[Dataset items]
★ ★ ★ ★

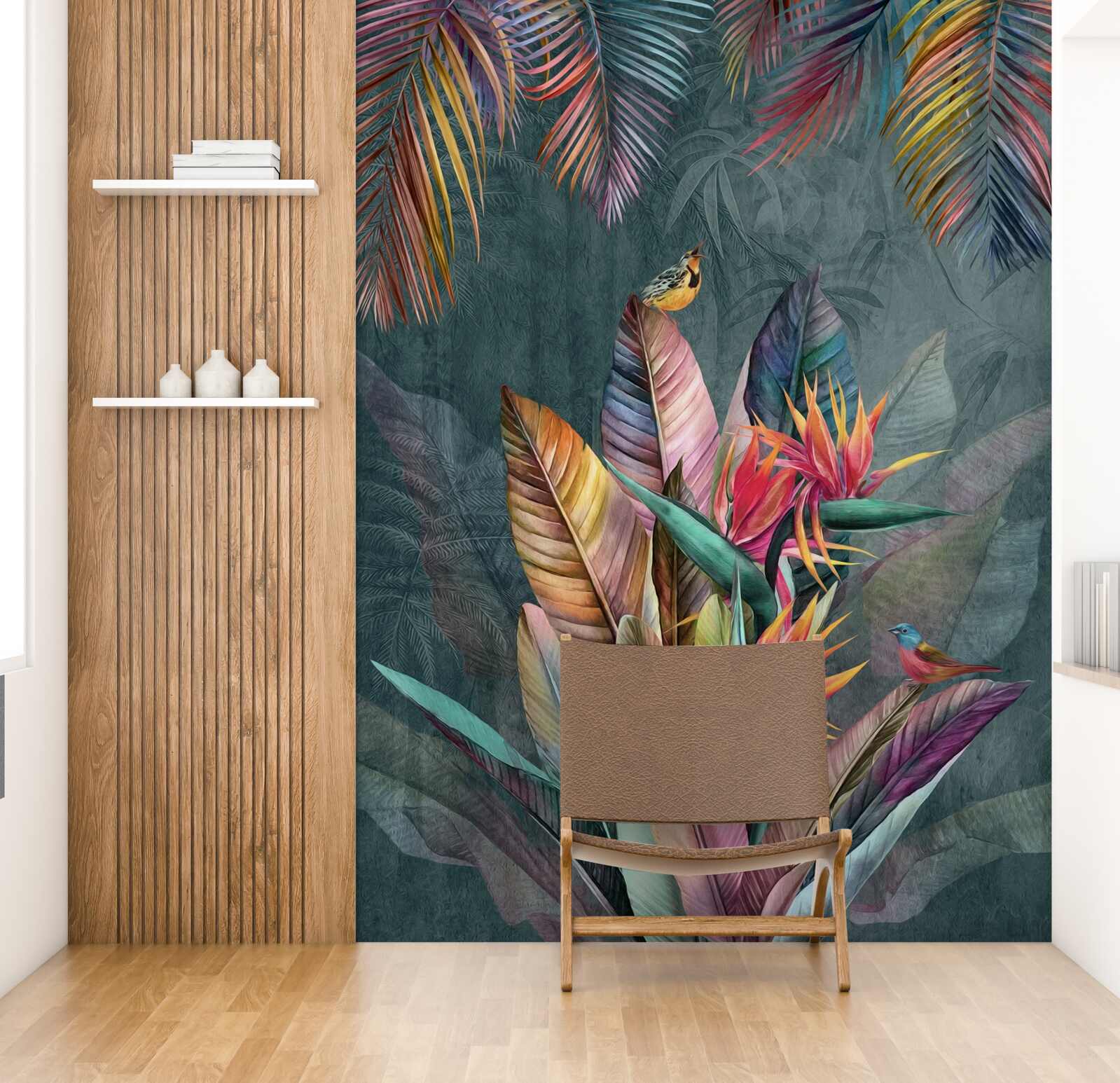 Fototapeta vtáky na svetlé jesenné lístie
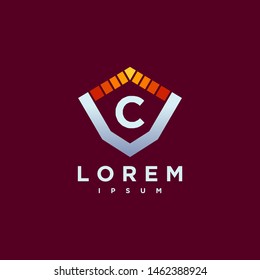 Letter C Cyber, Security and power technology Logo Design Vector Template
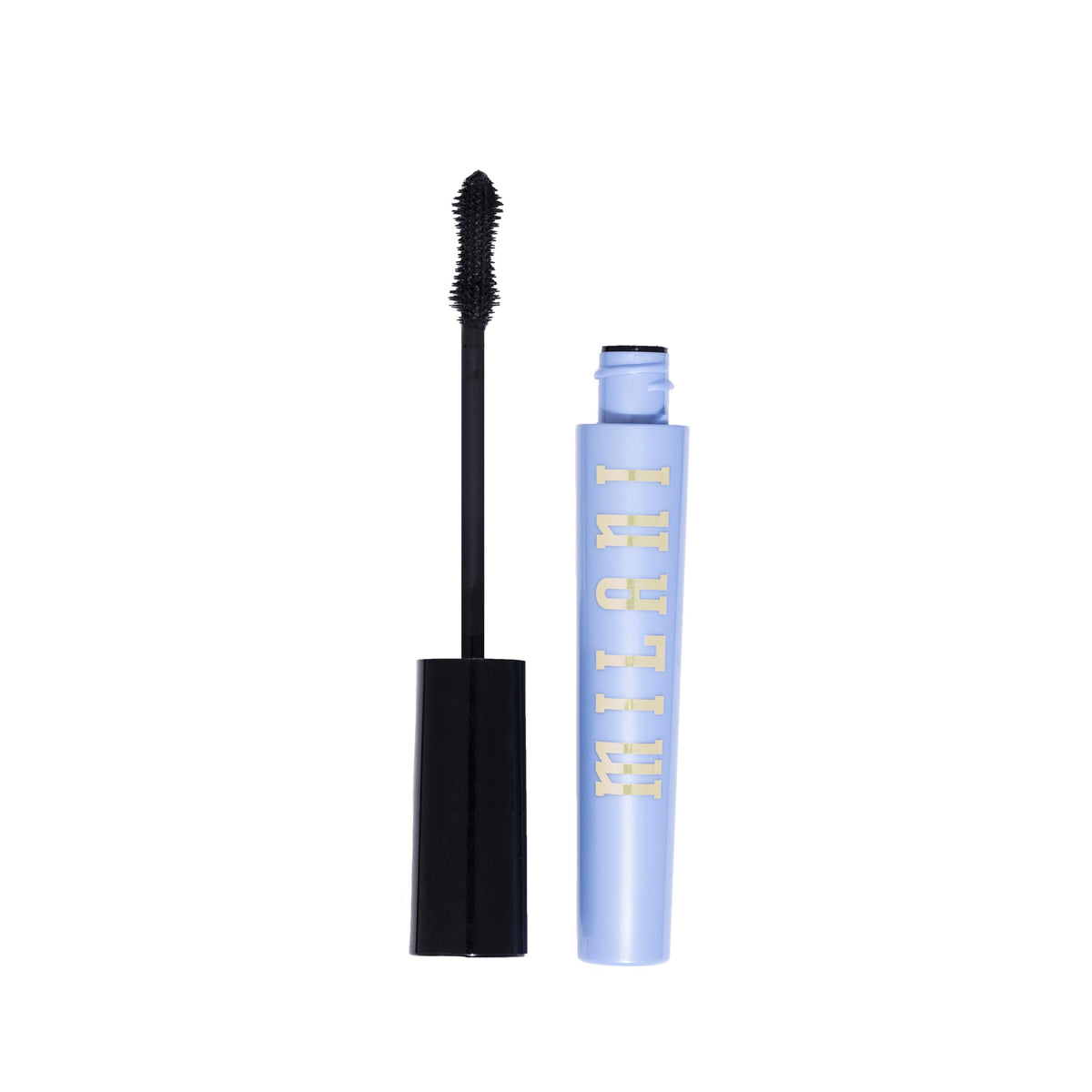Milani mascara front packaging showing sleek tube and shade for bold wear
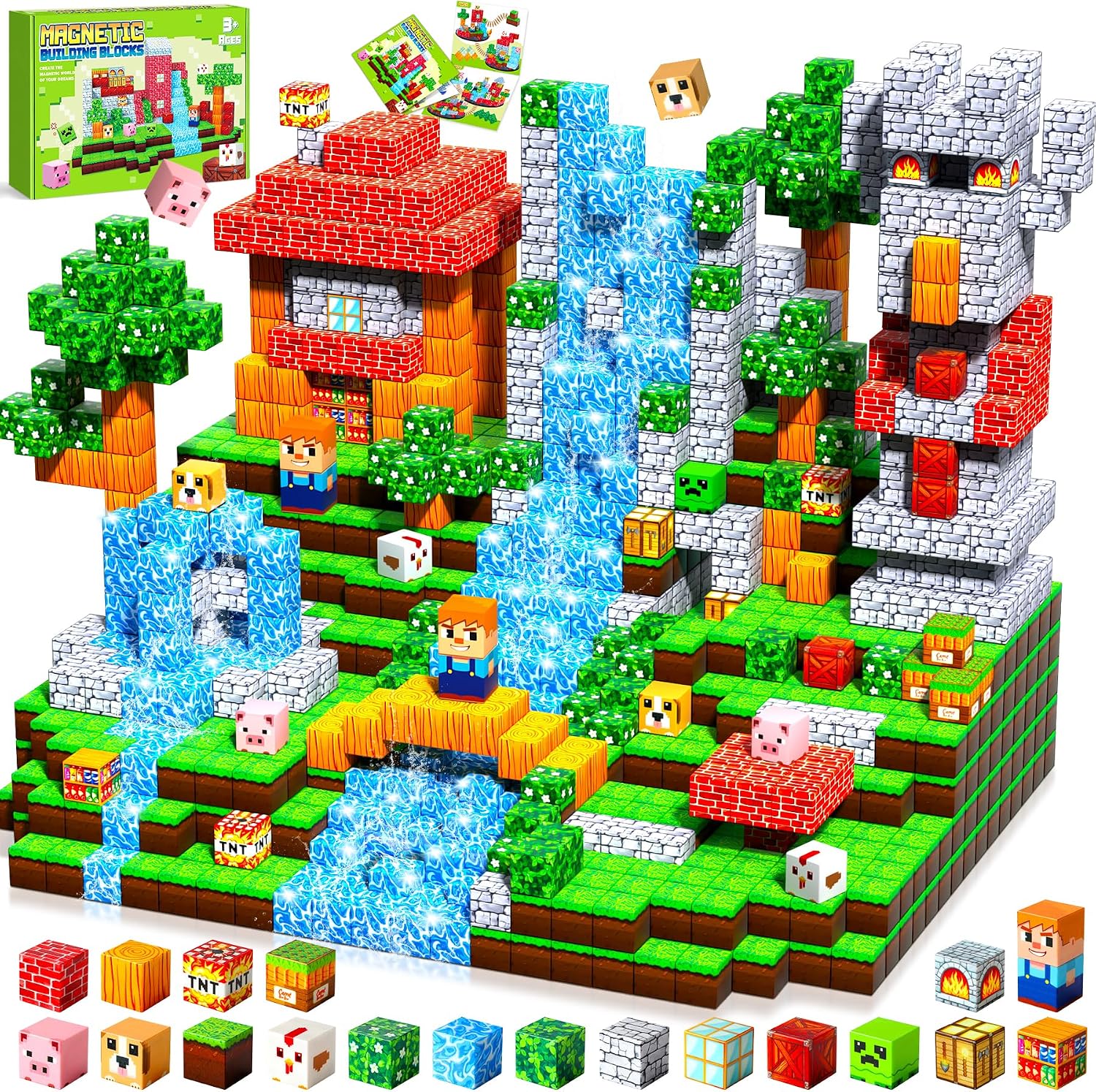 Pourbibi Bloques Magneticos Construccion Niños,Magneticas Niños,Juguetes Niños 3 Años,Piezas Construcciones Magneticas,Juguete Creativo Montessori para 3 4 5 6 7 8 9 10 Años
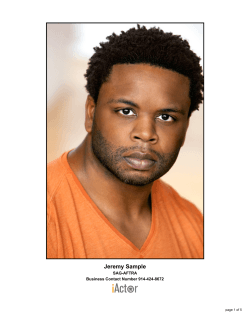 Jeremy Sample SAG-AFTRA Business Contact Number 914-424-8672 page 1 of 5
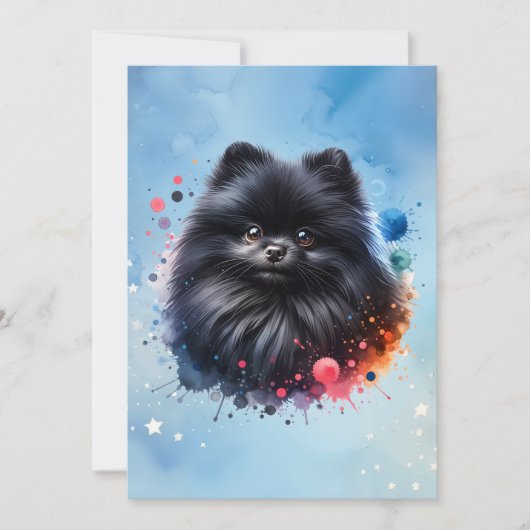 黒ポメラニア犬水彩イラストレーション 招待状 (正面)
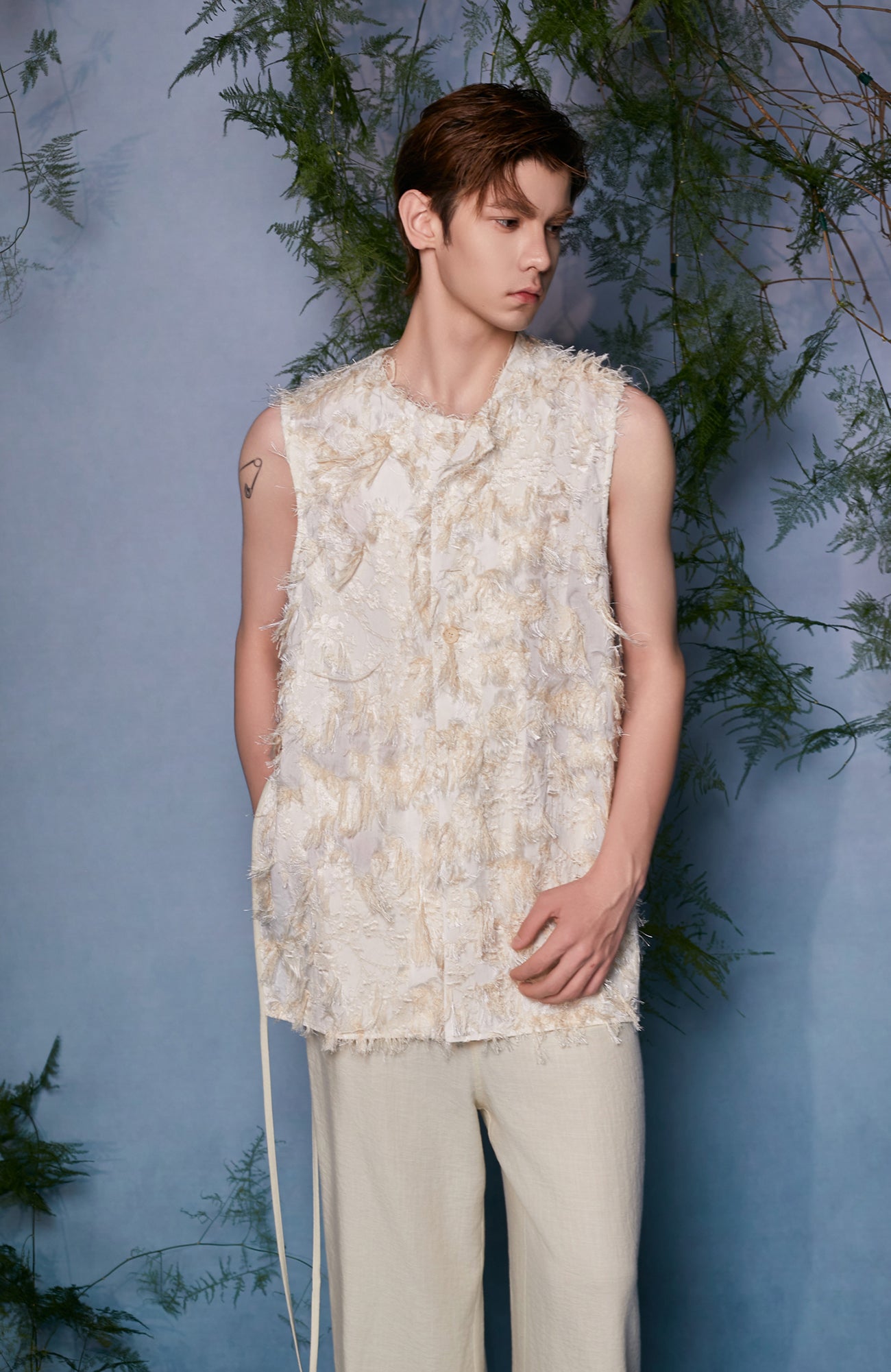 JIECHI Raw Fringe Layered Vest, premium urban and streetwear designers apparel on PROJECTISR.com, JIECHI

★ ★ ★ ★

No pictures belong in the output. It should reproduce exactly the lines from the one containing "Milani mascara front" through the end of the data, both ends included.

#### Final answer
Milani mascara front packaging showing sleek tube and shade for bold wear
 Pourbibi Bloques Magneticos Construccion Niños,Magneticas Niños,Juguetes Niños 3 Años,Piezas Construcciones Magneticas,Juguete Creativo Montessori para 3 4 5 6 7 8 9 10 Años
 Jeremy Sample SAG-AFTRA Business Contact Number 914-424-8672 page 1 of 5
 黒ポメラニア犬水彩イラストレーション 招待状 (正面)
 JIECHI Raw Fringe Layered Vest, premium urban and streetwear designers apparel on PROJECTISR.com, JIECHI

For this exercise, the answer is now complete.